> _Task goal_
Look through the data below and extract, unchanged, the lines from the one that contains "Brass Thread Fitting)" to the one that contains "2 Pieces Solid", both included.

> _Records from a dataset_
-------------------------

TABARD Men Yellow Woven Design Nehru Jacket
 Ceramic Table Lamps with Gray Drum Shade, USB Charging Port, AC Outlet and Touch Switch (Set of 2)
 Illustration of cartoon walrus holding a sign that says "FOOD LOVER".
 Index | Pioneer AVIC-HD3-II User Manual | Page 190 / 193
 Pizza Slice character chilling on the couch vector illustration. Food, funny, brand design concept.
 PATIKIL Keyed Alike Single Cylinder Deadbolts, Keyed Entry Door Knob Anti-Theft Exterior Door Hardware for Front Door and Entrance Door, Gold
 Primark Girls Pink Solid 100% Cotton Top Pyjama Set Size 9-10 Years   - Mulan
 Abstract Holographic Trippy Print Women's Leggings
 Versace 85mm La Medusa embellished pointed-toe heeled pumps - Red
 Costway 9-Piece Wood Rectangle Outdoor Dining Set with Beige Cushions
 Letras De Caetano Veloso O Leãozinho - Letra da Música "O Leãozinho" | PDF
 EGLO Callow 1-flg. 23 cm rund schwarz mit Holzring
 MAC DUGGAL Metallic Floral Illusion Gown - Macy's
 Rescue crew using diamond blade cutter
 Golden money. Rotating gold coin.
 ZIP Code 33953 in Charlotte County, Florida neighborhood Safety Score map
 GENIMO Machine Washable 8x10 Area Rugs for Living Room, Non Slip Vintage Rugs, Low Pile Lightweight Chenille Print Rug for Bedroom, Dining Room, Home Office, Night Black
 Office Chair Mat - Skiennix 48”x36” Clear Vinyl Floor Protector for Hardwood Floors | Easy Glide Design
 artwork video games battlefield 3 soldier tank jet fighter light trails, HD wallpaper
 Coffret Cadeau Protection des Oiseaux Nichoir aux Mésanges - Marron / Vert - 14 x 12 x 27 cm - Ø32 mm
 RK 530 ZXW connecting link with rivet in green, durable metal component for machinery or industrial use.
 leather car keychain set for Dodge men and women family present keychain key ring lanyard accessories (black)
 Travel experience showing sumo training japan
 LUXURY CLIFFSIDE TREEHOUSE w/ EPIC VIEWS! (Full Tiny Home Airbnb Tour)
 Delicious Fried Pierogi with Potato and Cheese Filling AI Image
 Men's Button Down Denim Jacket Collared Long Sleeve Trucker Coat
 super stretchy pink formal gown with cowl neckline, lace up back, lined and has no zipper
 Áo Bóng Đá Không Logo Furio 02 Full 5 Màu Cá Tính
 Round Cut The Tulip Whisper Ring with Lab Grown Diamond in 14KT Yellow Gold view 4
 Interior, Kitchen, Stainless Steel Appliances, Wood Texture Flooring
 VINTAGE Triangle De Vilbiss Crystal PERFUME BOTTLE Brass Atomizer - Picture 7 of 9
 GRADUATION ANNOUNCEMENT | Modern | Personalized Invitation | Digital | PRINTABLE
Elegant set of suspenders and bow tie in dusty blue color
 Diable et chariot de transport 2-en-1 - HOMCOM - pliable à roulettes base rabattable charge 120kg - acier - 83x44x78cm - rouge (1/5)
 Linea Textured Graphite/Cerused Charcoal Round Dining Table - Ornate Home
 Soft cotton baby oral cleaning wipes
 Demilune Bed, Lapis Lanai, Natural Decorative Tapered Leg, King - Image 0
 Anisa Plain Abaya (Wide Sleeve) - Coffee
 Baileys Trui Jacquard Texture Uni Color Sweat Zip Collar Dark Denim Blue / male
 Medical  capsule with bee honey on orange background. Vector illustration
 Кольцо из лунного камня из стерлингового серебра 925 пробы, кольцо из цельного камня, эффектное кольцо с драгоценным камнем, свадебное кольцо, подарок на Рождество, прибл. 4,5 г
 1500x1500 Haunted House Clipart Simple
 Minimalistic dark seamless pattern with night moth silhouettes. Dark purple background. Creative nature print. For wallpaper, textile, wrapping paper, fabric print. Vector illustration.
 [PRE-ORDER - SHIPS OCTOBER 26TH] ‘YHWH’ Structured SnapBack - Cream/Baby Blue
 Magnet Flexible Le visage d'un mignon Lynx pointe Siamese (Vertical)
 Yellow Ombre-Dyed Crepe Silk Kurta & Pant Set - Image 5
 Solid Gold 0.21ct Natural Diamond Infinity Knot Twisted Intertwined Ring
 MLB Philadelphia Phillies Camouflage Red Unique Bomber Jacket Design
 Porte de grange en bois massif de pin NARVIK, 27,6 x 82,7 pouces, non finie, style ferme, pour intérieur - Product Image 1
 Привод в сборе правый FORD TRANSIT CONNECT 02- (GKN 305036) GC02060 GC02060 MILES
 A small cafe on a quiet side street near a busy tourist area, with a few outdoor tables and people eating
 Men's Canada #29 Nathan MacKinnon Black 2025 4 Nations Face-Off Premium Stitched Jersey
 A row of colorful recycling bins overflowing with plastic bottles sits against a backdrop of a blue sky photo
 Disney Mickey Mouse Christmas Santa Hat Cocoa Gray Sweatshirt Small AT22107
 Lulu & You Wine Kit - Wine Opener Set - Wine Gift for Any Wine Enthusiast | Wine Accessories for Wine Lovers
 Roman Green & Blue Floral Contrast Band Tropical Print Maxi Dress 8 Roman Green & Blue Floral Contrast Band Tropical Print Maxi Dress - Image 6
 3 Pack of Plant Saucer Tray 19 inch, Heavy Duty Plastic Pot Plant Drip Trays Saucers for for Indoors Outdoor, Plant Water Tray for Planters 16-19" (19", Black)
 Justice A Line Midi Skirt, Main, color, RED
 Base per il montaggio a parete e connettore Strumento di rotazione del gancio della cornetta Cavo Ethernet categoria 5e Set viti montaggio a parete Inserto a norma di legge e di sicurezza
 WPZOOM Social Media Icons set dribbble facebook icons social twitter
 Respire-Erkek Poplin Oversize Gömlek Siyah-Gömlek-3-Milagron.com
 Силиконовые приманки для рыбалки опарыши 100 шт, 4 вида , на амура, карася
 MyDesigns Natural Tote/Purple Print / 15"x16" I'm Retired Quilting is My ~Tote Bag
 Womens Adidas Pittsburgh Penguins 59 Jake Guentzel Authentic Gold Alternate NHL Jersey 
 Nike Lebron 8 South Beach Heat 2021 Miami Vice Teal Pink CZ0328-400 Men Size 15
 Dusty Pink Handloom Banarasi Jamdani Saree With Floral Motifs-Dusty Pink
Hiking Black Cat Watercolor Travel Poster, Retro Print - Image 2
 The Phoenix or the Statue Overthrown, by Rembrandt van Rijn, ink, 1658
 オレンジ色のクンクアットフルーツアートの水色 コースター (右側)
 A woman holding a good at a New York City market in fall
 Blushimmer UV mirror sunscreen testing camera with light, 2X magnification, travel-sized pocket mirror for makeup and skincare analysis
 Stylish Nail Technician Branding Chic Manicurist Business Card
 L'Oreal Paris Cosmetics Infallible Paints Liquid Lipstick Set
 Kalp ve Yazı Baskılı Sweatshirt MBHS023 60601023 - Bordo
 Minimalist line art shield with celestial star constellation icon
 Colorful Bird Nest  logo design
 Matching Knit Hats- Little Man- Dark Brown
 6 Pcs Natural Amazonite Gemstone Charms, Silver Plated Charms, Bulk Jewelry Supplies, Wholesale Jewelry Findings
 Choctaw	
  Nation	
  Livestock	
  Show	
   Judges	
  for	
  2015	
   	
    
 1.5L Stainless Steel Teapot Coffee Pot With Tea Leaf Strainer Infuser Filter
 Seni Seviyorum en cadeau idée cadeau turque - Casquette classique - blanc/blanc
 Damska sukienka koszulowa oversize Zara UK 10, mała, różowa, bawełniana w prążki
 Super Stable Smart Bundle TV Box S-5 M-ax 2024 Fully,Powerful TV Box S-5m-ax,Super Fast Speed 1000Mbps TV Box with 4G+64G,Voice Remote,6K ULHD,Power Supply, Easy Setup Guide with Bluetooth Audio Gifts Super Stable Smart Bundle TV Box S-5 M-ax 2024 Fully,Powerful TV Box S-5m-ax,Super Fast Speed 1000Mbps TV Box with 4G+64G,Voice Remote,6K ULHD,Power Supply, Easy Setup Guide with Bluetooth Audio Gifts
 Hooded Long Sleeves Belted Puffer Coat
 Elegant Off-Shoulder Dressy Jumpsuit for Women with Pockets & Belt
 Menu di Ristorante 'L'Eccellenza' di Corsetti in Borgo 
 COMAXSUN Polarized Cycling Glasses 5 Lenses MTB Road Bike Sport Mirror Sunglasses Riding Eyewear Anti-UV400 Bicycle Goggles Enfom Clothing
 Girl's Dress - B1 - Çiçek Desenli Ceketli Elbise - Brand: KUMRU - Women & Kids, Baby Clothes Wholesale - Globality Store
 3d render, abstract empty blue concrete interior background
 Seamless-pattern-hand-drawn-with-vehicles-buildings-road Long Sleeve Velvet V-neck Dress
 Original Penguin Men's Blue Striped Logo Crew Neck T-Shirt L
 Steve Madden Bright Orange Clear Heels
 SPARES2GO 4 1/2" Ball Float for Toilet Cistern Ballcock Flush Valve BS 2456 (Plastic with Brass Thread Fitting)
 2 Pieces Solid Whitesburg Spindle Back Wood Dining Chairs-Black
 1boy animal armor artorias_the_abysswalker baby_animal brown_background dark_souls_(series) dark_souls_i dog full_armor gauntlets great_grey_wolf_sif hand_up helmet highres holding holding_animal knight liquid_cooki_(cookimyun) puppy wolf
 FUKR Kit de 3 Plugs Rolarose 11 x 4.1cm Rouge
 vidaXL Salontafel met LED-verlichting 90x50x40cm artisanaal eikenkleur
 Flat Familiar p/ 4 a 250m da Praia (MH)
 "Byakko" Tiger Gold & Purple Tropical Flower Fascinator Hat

-------------------------

> _Completed exercise_
 SPARES2GO 4 1/2" Ball Float for Toilet Cistern Ballcock Flush Valve BS 2456 (Plastic with Brass Thread Fitting)
 2 Pieces Solid Whitesburg Spindle Back Wood Dining Chairs-Black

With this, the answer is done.